Municipal solid waste (MSW) is produced in every place where humans live, homes, schools, markets, and public spaces. It includes everyday items such as food scraps, packaging, electronics, textiles, and plastics. Over two billion tonnes of MSW are generated every year, and the volume is so huge that if placed in shipping containers end-to-end, they could circle the Earth many times or reach the moon and back.

This waste problem is directly shaped by ordinary human choices. What we buy, how we use items, and how we dispose of them determine the amount of waste produced. The Global Waste Management Outlook 2024 highlights global waste levels, how it is managed, and how it affects human and planetary health. It provides the evidence needed to understand the real costs of waste and the actions required for a zero-waste future.

Why a Youth Edition?

With one in three people under the age of 20, young people represent a major part of the global population and a critical voice in decisions affecting the future. Waste and pollution have long-lasting effects that will impact generations to come.
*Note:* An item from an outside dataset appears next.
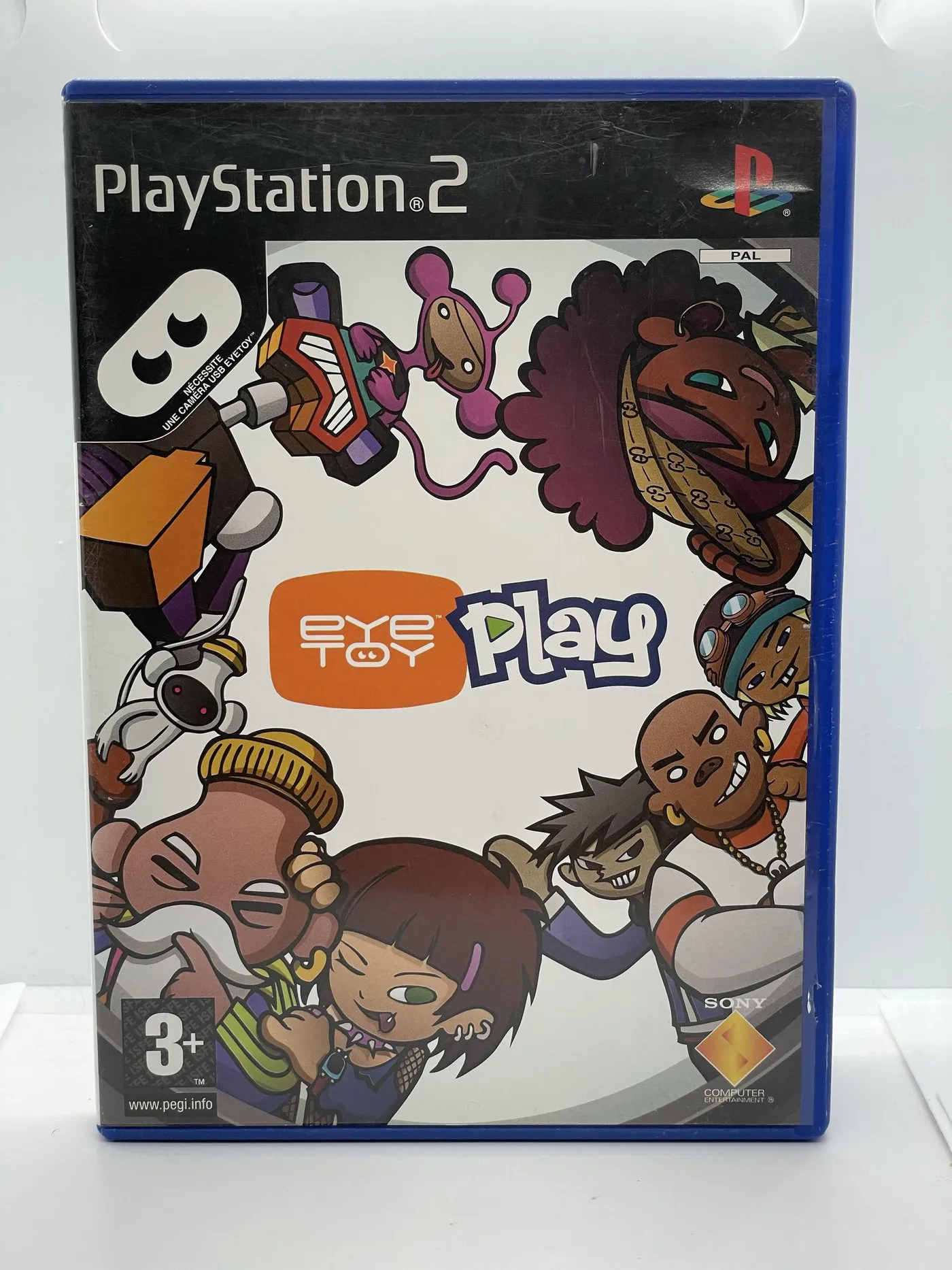 EyeToy：Play PS2 EyeToy Play Camera Sony PS2 + Game + Eyetoy 3 Tested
This edition equips youth with the knowledge and skills needed to prevent waste, understand environmental impacts, and take action to protect our shared environment.

Why Is Waste Such a Threat?

Waste appears in many forms, garbage, trash, refuse, but all refer to unwanted materials resulting from daily production and consumption. Municipal solid waste, the focus of this report, excludes industrial waste but is the most visible type because it comes directly from everyday human activity.
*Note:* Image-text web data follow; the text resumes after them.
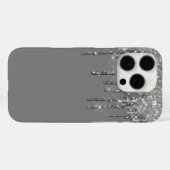 Glitzer Tropfen iPhone 16 Pro Fall Case-Mate iPhone Hülle (Rückseite (Horizontal))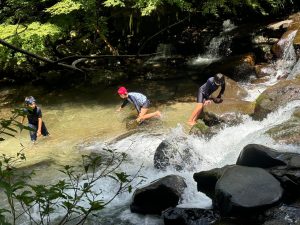 野生児ホースキャンプ2日目レポート①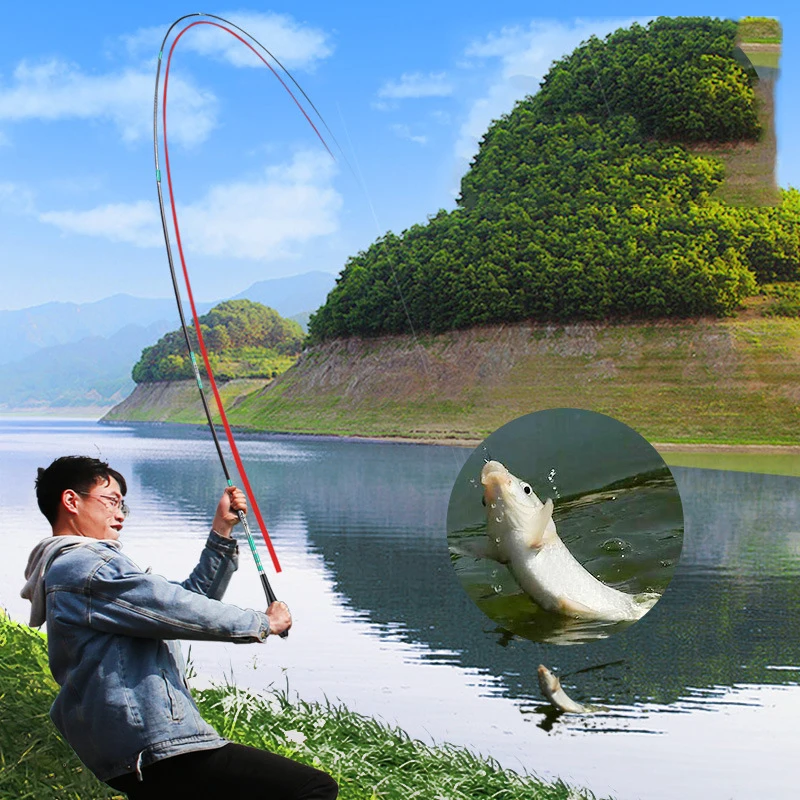 

Carp Cases Fishing Rods Freshwater Ocean Boat Fishing Rod Fly Rod Casting Rod Ice Fishing Seaknight Pesca Fishing Tools BI50FR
Waste is a major contributor to climate change, biodiversity loss, and pollution. If we continue using resources at current levels, the Earth will not be able to keep up. Rapid population growth further increases pressure on limited natural resources.

Impact of Waste on Climate

Once municipal waste is thrown away, what happens to it has enormous climate consequences. For instance, when food waste rots in landfills, it releases methane, a greenhouse gas far more powerful than carbon dioxide. Open burning of waste releases black carbon that accelerates melting of ice caps and contributes to rising sea levels.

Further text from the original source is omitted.